**Work task**
Beginning at the line containing "1602 E Marion", repeat each line below exactly up to and including the line containing "Phó Chủ tịch". Do not repeat the pictures.
[[ Data in this exercise open ]]
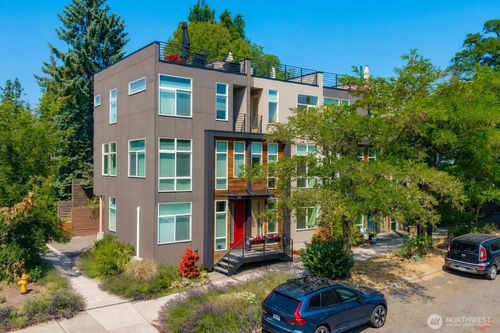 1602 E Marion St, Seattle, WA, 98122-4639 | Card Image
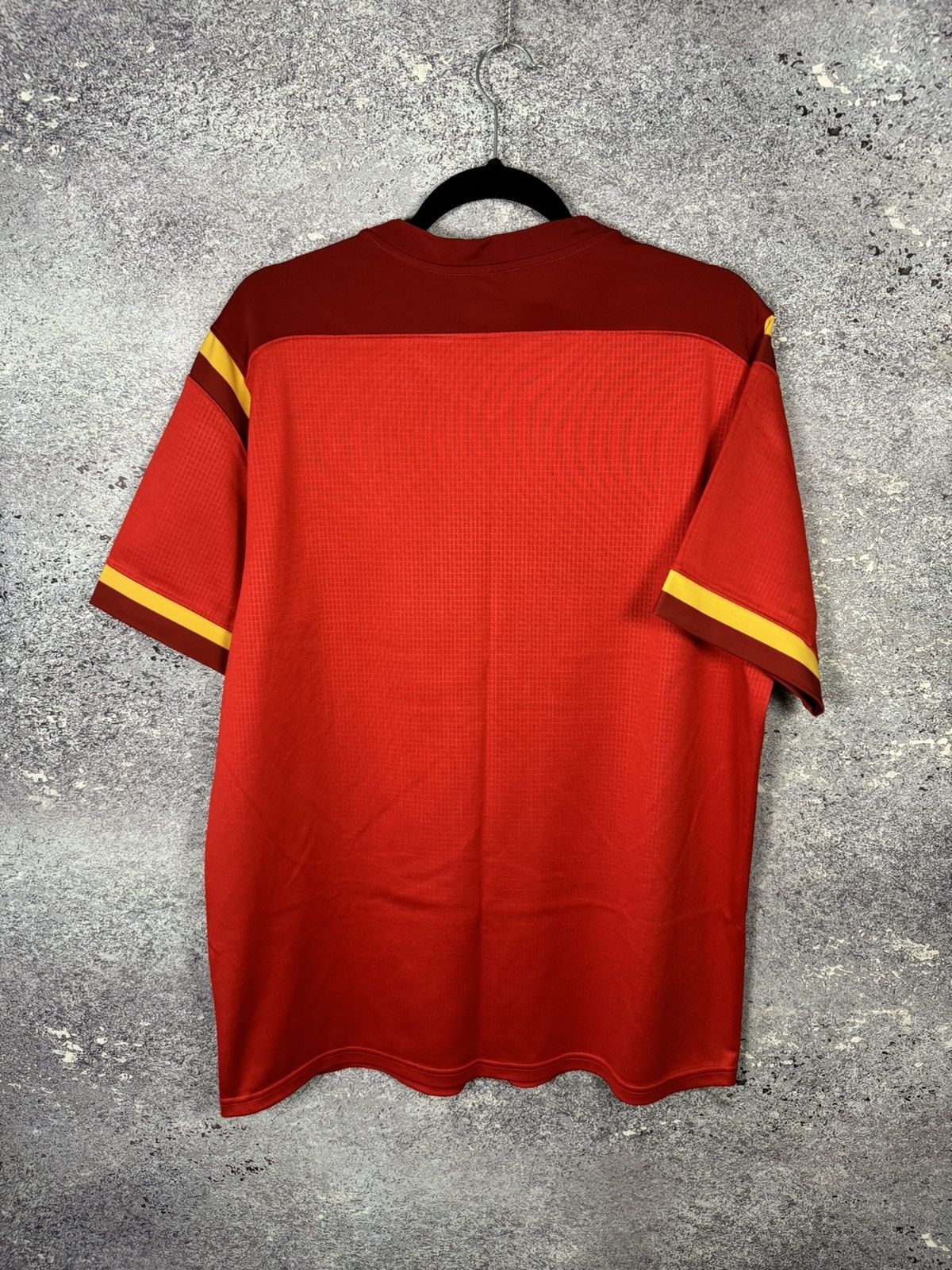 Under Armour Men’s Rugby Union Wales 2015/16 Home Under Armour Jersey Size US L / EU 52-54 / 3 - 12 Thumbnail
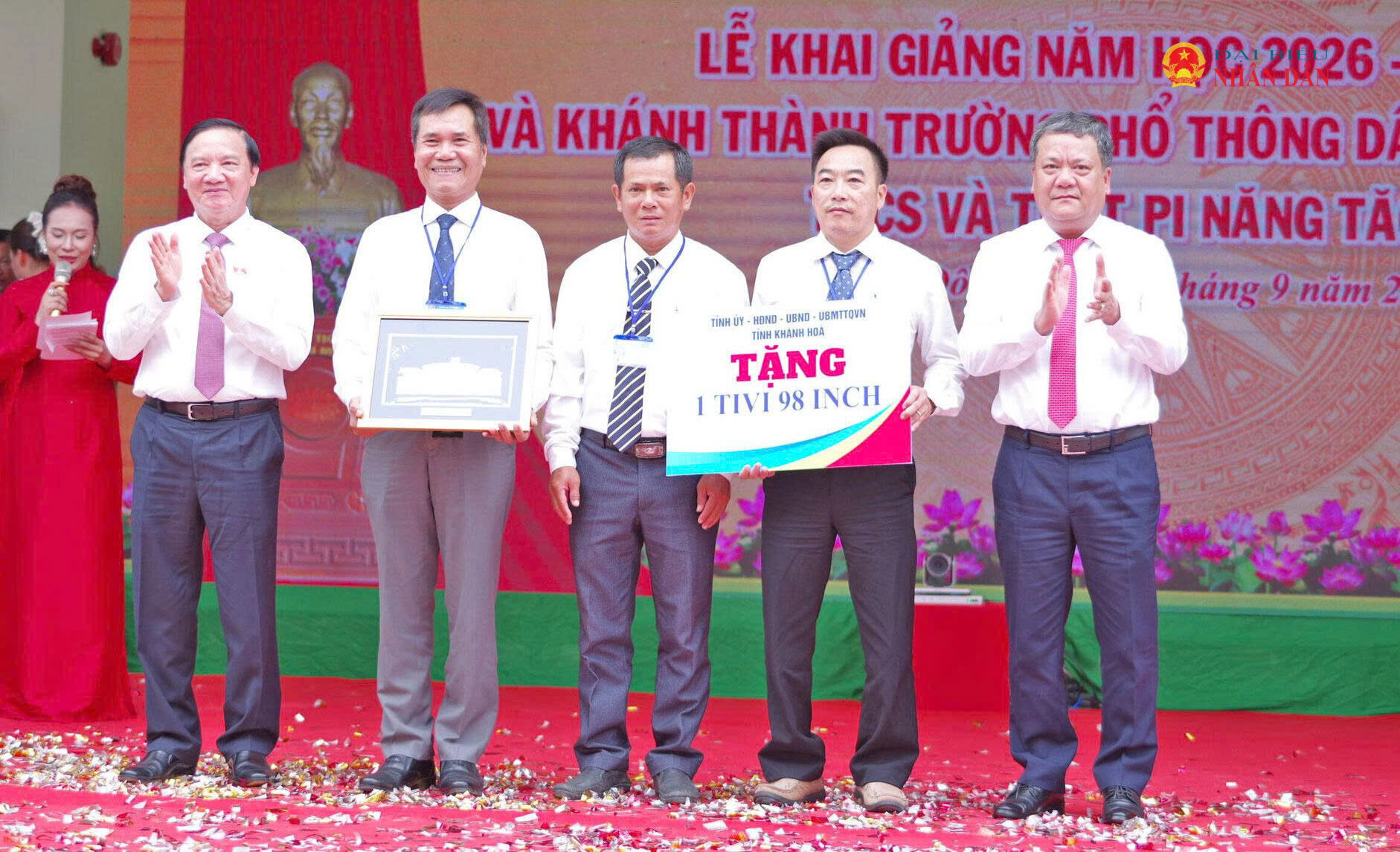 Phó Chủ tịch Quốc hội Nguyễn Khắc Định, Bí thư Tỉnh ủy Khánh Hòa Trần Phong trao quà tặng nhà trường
[[ Data in this exercise closed ]]
[[ Data in this exercise open ]]
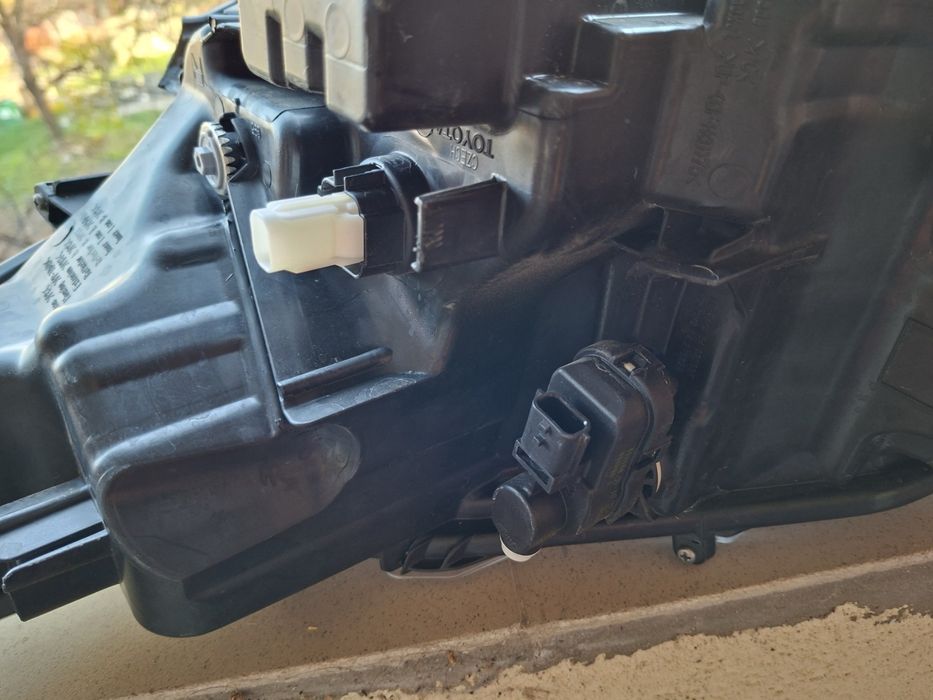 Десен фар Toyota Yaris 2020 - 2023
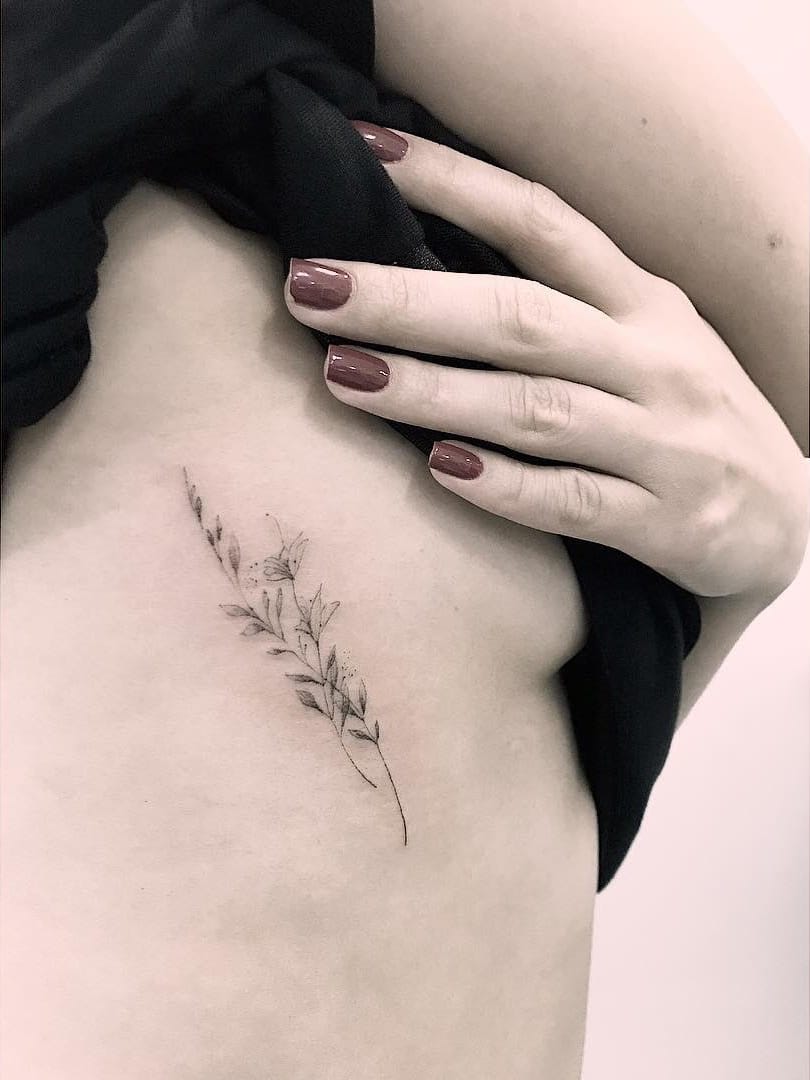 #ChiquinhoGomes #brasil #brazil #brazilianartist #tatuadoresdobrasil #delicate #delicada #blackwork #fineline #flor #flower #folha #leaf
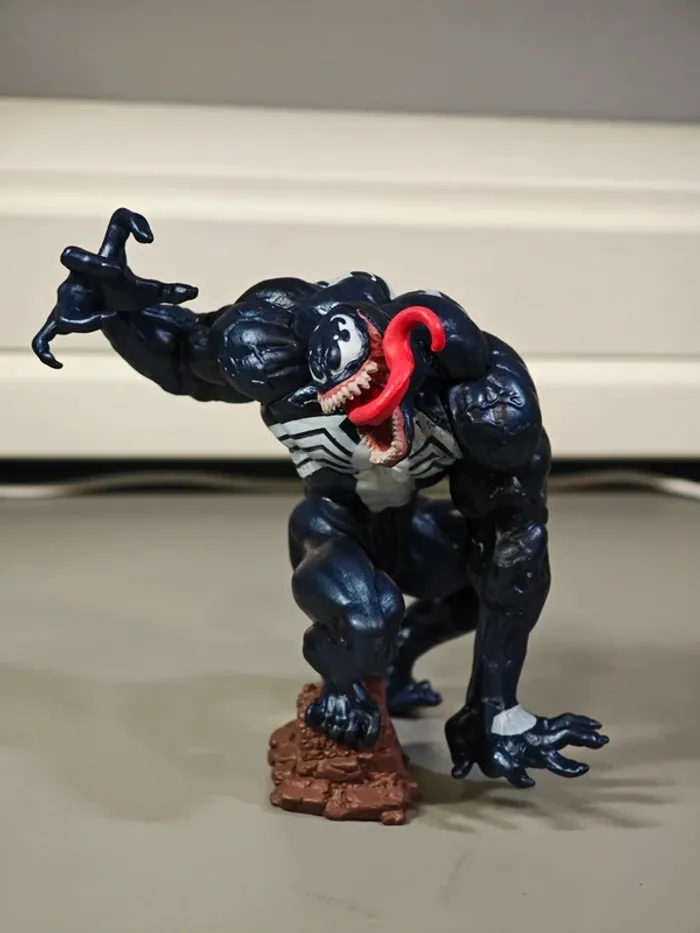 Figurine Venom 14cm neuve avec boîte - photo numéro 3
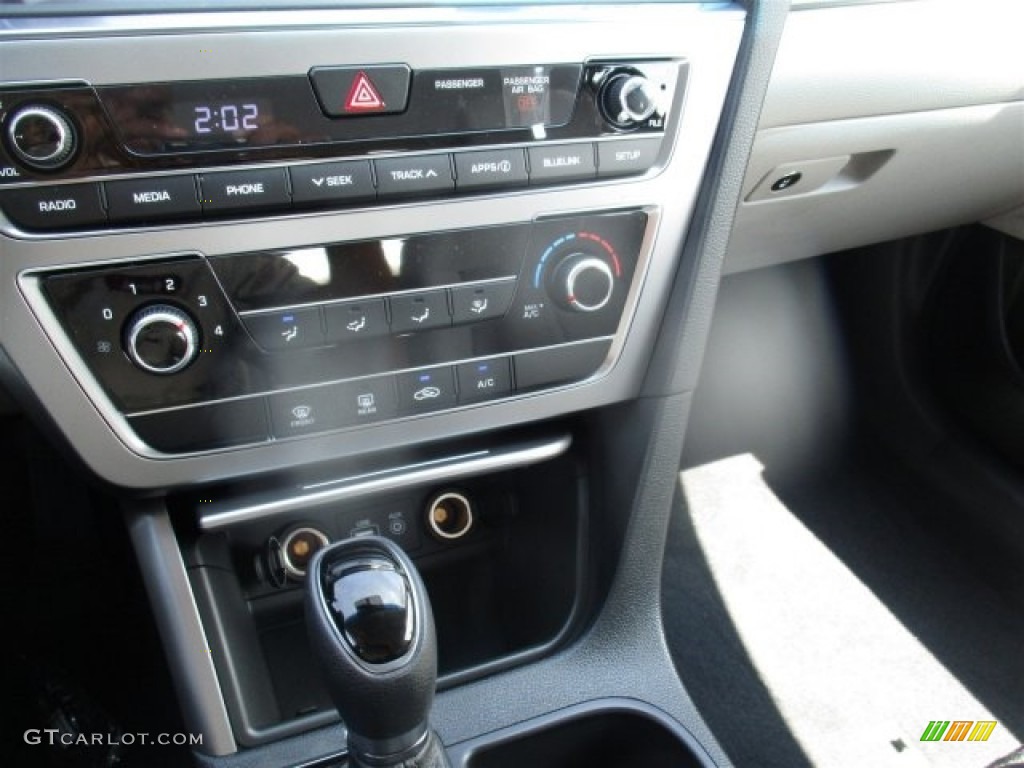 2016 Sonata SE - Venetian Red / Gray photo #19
[[ Data in this exercise closed ]]
**Written answer**
 1602 E Marion St, Seattle, WA, 98122-4639 | Card Image
 Under Armour Men’s Rugby Union Wales 2015/16 Home Under Armour Jersey Size US L / EU 52-54 / 3 - 12 Thumbnail
 Phó Chủ tịch Quốc hội Nguyễn Khắc Định, Bí thư Tỉnh ủy Khánh Hòa Trần Phong trao quà tặng nhà trường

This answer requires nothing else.